As we spoke like that, others from the back told us to shut up. “Ssst! You don`t speak while somebody is singing! ” I shut up, what could I do, because this is what the elders taught me, not to disturb people without a reason, you know?”
Heeei, slowly, slowly, here came the break. Now I didn`t know that it was a break – and I didn`t like it, do you hear me, as I was enchanted by the music as if I was bewitched by Rat`s old woman, who is now called Curmei`s – but beause the people were keeping going out, I, too, went out with them. I say, “Where are all these people going?” “In the lobby! ”, said a lady. But what was that a lobby, because we don`t have such a thing in Băileşti! Then I found out that it is a kind of porch, where people drink wine with water and a glass of talking until the music starts again. I went to drink, too.
There, another beauty. A big roof over my head fuuul to the brim with golden curls! Such entangled, spread patterns, it was a pleasure to see, do you hear me? People were drinking wine with water, juices – that colored water – were moving up and down as if it were the National Day, when I look, my eyes popped like onions, do you hear: my Sucă in a bride-groom suit arm in arm with a flaxen haired gal!
The girl, kind of long, do you hear? Kind of long. Almost reaching Suca`s top of the head. I think it was because of her shoes, as the girl had some stilts and they were put into some sandals climbed on a stick as long as the staff that my old man gave to me to scare away the dogs, you know? And skinyyyy, that you could watch TV through her, do you hear?

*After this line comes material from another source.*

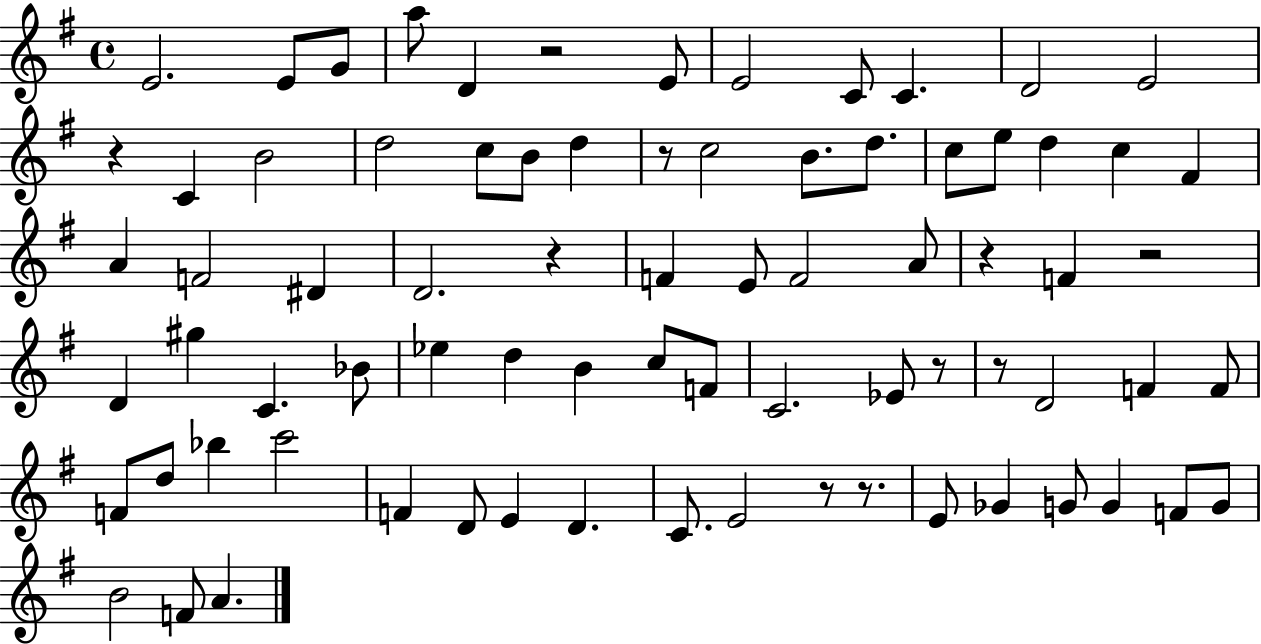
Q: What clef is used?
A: treble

I got closer to him, but I think he didn`t see me, because they turned back and went in the other direction! And as he was walking like that – a little hurriedly, I thought – my Sucă stumbled and fell like a hawk over a madam`s table, where she was tasting a cake with the teaspoon tip – not to disturb the cake, you know? Now, it was one of those small round tables like in the village tavern, the table overturned and the cake flew right on a high-bosomed madam`s decolletage.
I covered my eyes not to be tempted – because I couldn`t live with Veta in peace afterwards – but I removed it when I heard that madam scolding my Sucă, and as he was covered with whipped cream, too, and was laughing, the madam took another piece of cake from another table and tossed it in his head, then she stood on her hind legs and left.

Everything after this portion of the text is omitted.